Bethanne Patrick in the Los Angeles Times called Existential Physics the "most entertaining book" of the month and recommended that readers have an "open mind" and "enjoy the ride". Sciences Lisa Aziz-Zadeh noted that the book is the "perfect place" to begin questioning and understanding "life's big questions from a physics perspective", but did wish that perspectives from additional fields of study had been included. Felix Haas in World Literature Today complimented the book, saying that it "further establishes its author as a beacon of clarity and sanity" and that it acts as an "invaluable resource" for those that wish to learn about how fundamental physics can "contribute to answering the most fundamental questions of our ontology".

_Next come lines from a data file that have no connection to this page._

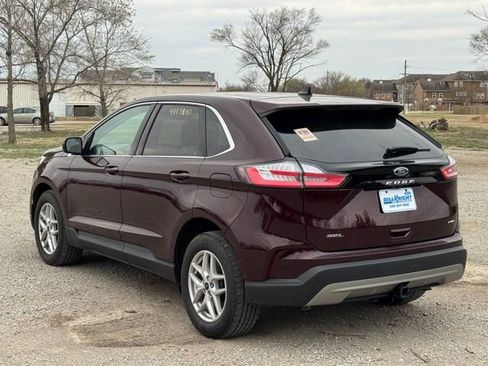 Used 2024 Ford Edge SEL w/ Convenience Package image 5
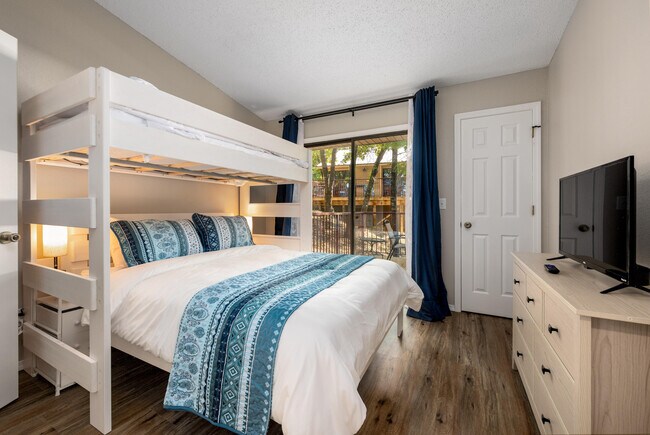 Building Photo - 235 Ozark Mountain Resort Dr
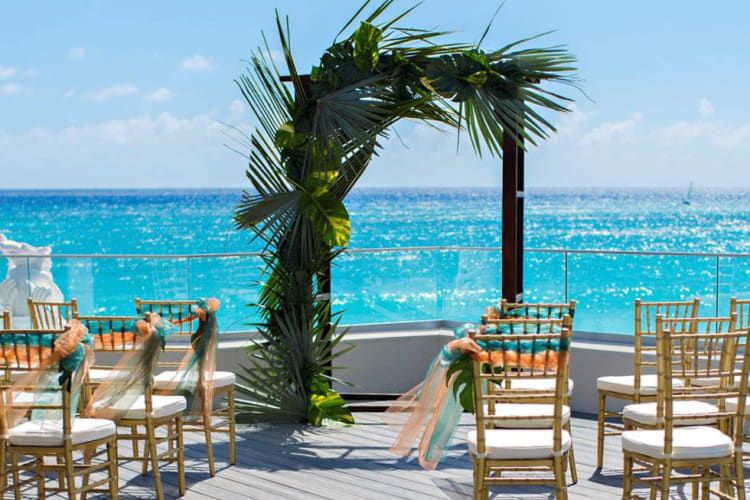 Wedding arch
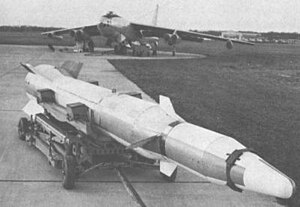 Смелый Орион на трейлере с самолетом-носителем B-47 на заднем плане. Jpg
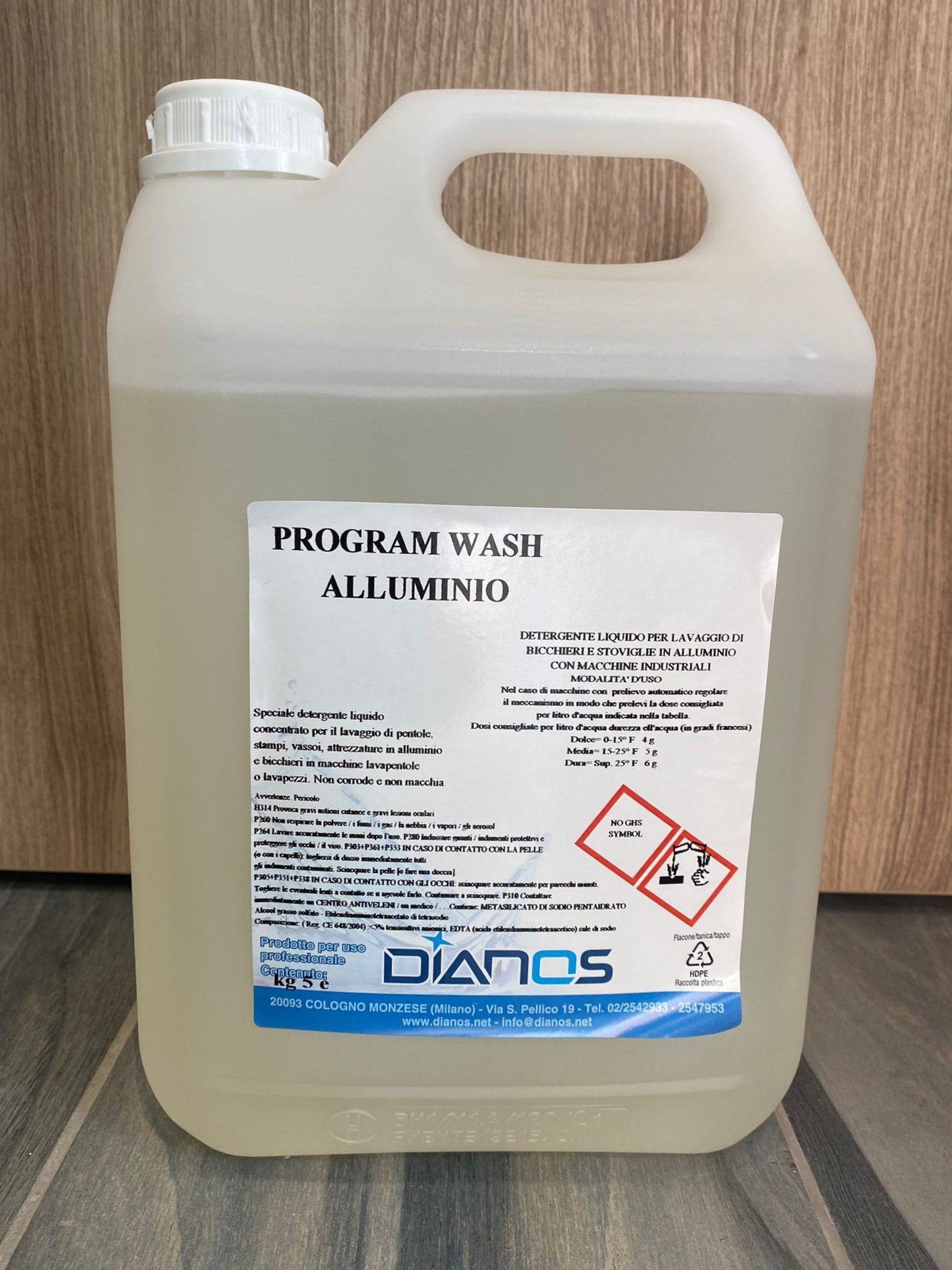 Brocca di plastica trasparente con etichetta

Physics World editor Hamish Johnston pointed out that while some scientists might be concerned at the book potentially emboldening doubters of the scientific method, Hossenfelder's desire to offer a "better understanding of the limitations of science" is provided "loud and clear" and made them "think about the scientific method and the big questions in life". In the journal Physics Education, Rick Marshall referred to the book as a "personal narrative" that creates a "thought provoking, tantalising and illuminating journey", though wishes that the ideas of belief and faith were not used as synonyms, since "belief is based upon evidence whereas faith can spring from an inner conviction (often held despite evidence to the contrary)". George Kendall in Booklist called the book "spectacular" and a "must-read for all who ponder the purpose of existence".